Extremely rare first edition of the Parliamentary Acts of 1540, featuring numerous important acts including the first post-Conquest act allowing landowners to pass their property by will and the act dissolving Henry VIII's marriage to Anne of Cleves, with lovely historiated woodcut initials, attractively bound.
The Parliamentary Acts of 1540 include two of the most important acts passed during the Tudor Era: The Statute of Wills and An Act declaring the Dissolution of the King's pretensed Marriage with the Lady Anne of Cleves.

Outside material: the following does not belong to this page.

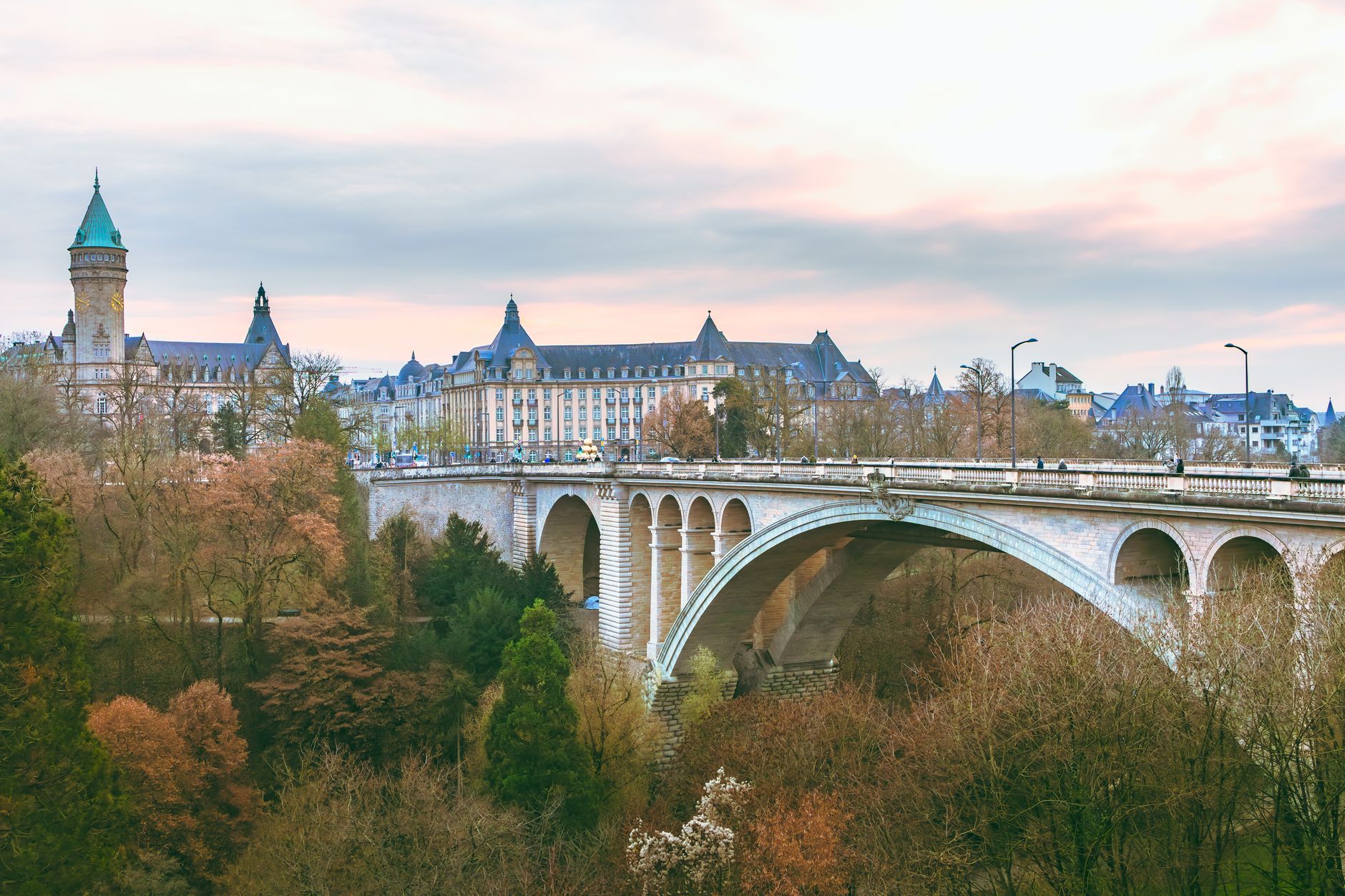 Luxembourg — Scenic view of the iconic Adolphe Bridge amidst fall foliage in Luxembourg City.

The Statute of Wills reflected a compromise with landowner who had long been frustrated by primogeniture and posthumous property transfers to the Crown. For the first time since the Norman Conquest, landowners could pass on their property by will—a major modernization that changed the landscape of Great Britain and paved the way for greater reforms. The act declaring the annulment of Henry VIII's marriage to Anne of Cleves, likewise, had a massive cultural impact. While King Henry VIII had planned to annul his marriage to Anne of Cleves since setting eyes on her evidently less than pleasing visage, Anne would go on to become the most successful of Henry VIII's wives. A passel of intelligent choices—including agreeing to the annulment two days after Parliament declared her marriage illegal—allowed Anne to survive her marriage and to become the most popular and well-treated of Henry's former wives. Overall, the Parliamentary Acts of 1540 offer insight into the early years of the Reformation. They reflect the social and political change that marked that era, from the adoption of more progressive property rights to the standardization of laws throughout Great Britain to the de-Catholicizing of the new Church of England. STC 9402. Early ink owner signature on title page. Tiny marginal notation on page 11.
Scattered mainly marginal soiling to interior, a few corners creased, binding fine. A near-fine copy of a rare and desirable item.